At the heart of the strategy is Chongqing’s location at the confluence of China’s longest river and as the One Belt, One Road terminus on the 16-day railway journey to Europe. 21CN notes that the train line is set to boost the city further, with reductions in cross-border formalities set to reduce the travel time to 12 days.

Huang was a cheerleader for the railway project, notes 21CN, because of the opportunities he saw it lending to Chongqing’s car and technology industries – two of his sectoral priorities. Having lured HP to the city to make laptops, Huang went to Beijing in August 2010 with the US firm’s worldwide supply chain boss Tony Prophet. They lobbied the General Administration of Customs to schedule regular train trips to Germany to facilitate computer exports. The first such rail journey happened in March 2011.

If anyone doubted the viability of the line, they have been convinced otherwise. Last year there were 257 Chongqing-Duisburg train trips; that figure is expected to reach 350 this year and over 700 by 2020.

Other PC manufacturers, such as Acer, have joined HP in Chongqing, creating a tech cluster that includes foundries. Last year these firms produced 130 million laptops, or roughly a third of global output. 21CN points out that since 2008, Chongqing’s computer manufacturers have grown their revenues to Rmb800 billion, an amount equivalent to the city’s entire industrial output in 2008. Crediting Huang, the newspaper said his policies “built a laptop industry out of nothing”.

Cars are another focus, whether conventional or electric. There are 10 major carmakers in the municipality including Hyundai, GM’s joint venture with SAIC and Ford’s JV with Chang’an Auto. There is also a local champion in Hongda. With a thousand components factories in the supply chain, the auto industry contributes roughly Rmb500 billion to local GDP.

While Huang and his colleagues have targeted higher-value industries for growth, he has been disciplined at avoiding most of the dirtier, overcapacity industries too. For example, in the same timeframe that China’s annual steel output rose from 100 million tonnes to 1 billion tonnes, Chongqing’s steel production has stayed steady at 6 million tonnes, according to iFeng.com.
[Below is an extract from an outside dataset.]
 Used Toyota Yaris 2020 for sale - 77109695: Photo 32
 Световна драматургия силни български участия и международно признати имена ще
The same is true of coal: over the past eight years China’s national output has risen from 2 billion tonnes to 5 billion tonnes, but the coal mined in Chongqing has held constant at 40 million tonnes.
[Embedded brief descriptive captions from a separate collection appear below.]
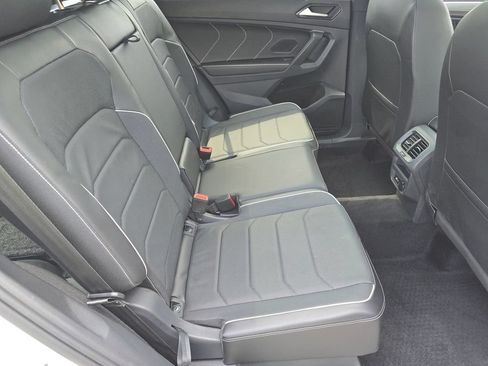 Used 2024 Volkswagen Tiguan SEL R-Line AWD/4WD image 5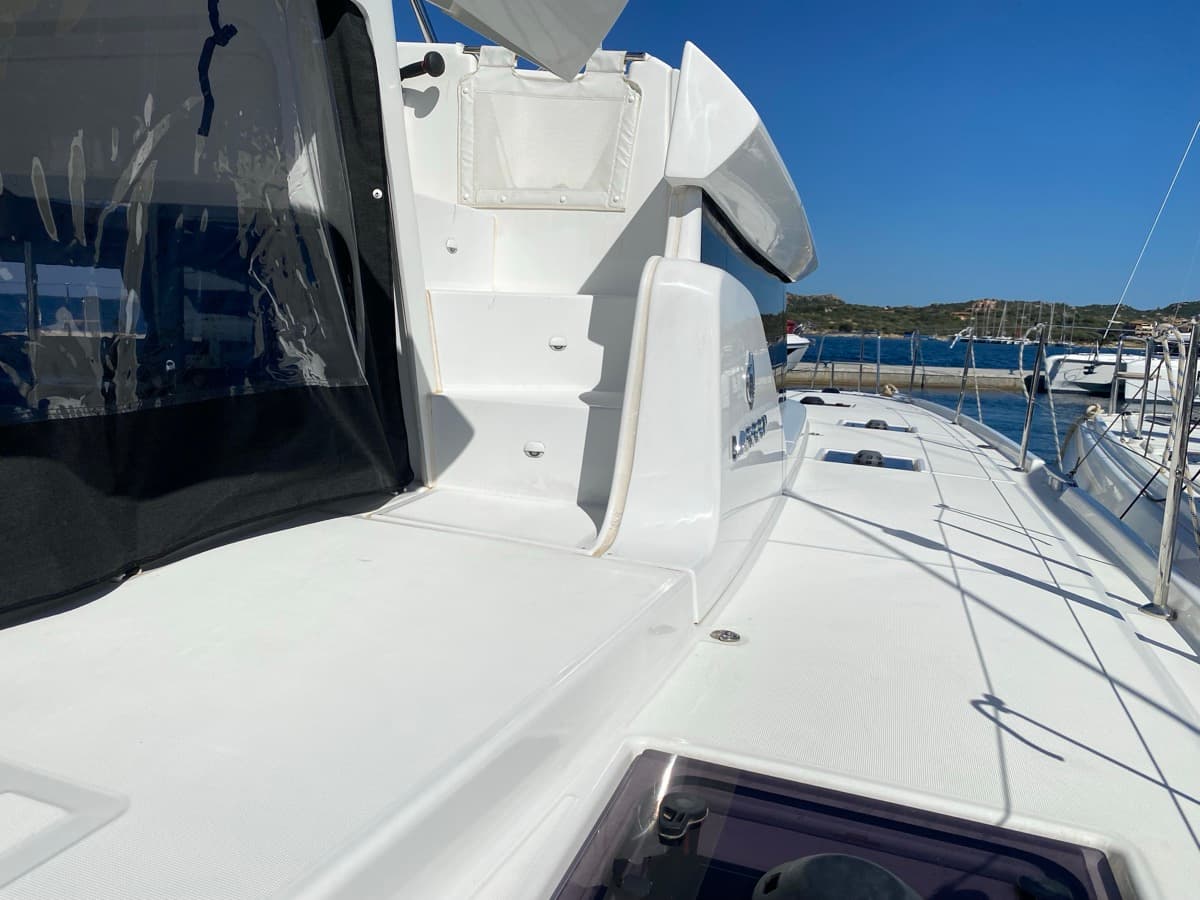 Lagoon 46  - photo 22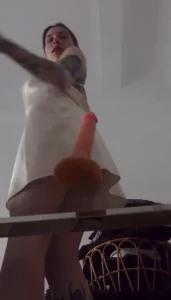 Ich liebe es meinen arsch mit gro en dingen zu ficken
Older industrial plants have also been mothballed, Huang told media, as Chongqing sought to improve its air quality. “All coal-fired boilers use natural gas instead and the transformation to CNG (Compressed Natural Gas) has been implemented for nearly 30,000 buses and taxis,” Huang says, adding that 150,000 older vehicles have been taken off the city’s roads.
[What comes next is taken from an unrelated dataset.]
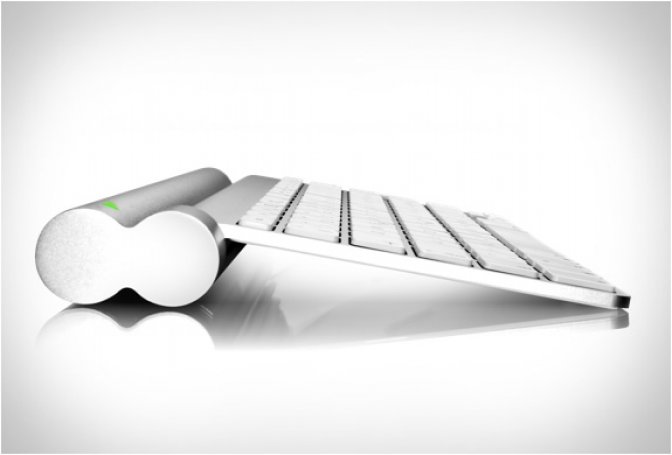 MAGIC BAR | WIRELESS KEYBOARD INDUCTIVE CHARGER - Image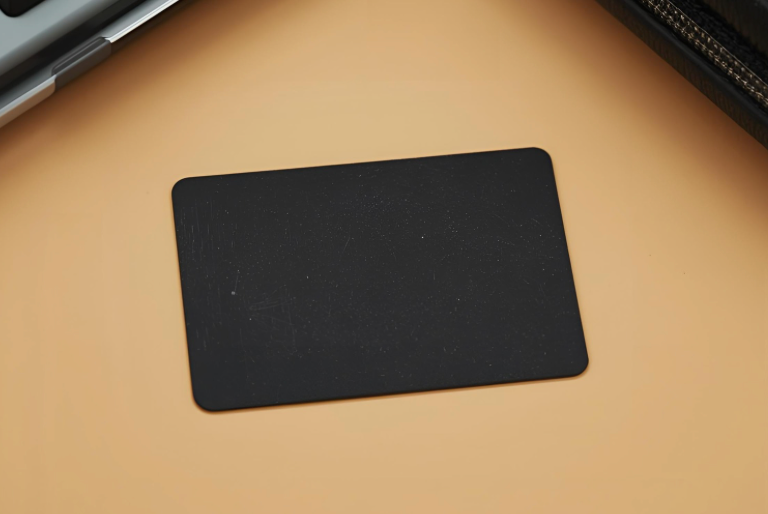 Pinpoint Smart Cards - Slim GPS Wallet Tracker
Another of his achievements was to treat the now troubled peer-to-peer lending industry warily. In fact, this week the Chongqing Daily reports the mayor says P2P loans should be banned because of their risk to the financial system.

Huang is banking that Chongqing will reach his targeted 10% annual GDP growth over the next five years thanks to the One Belt, One Road policy and increasing urbanisation.

As per the former: that means taking advantage of the Yangtze, a river with freight volumes that have ranked first globally for inland rivers for nine consecutive years.

But there is air transport too. In 2010 Chongqing’s Jiangbei International Airport had the capacity to fly 14 million passengers a year; the addition of new terminals has seen that rise to 45 million. Another sign of its improving connectivity along the new Silk Road: Air China will launch a direct flight to Dubai on April 2. And to increase air freight volumes, a cooperation deal has been inked with Singapore’s Changi Airport.

Rapidly urbanising too…

Another of the growth dynamics at the heart of the Chongqing model is urbanisation. When Chongqing was hived off administratively from Sichuan province in the late 1990s, it was transformed from a city to a municipality, on a par administratively with Shanghai, Tianjin and Beijing. This gave the city a sizeable hinterland. Estimates vary on the specifics of the municipality’s population, but officially it is 30 million, more if migrant labour is included. What is not contested is the increasing tilt away from an agrarian population to an urban one. When we wrote our Talking Point about Chongqing municipality in 2010, the urban population of the city itself was 12 million. As of last year it was 18.38 million, according to CQnews.net, a reliable local data source.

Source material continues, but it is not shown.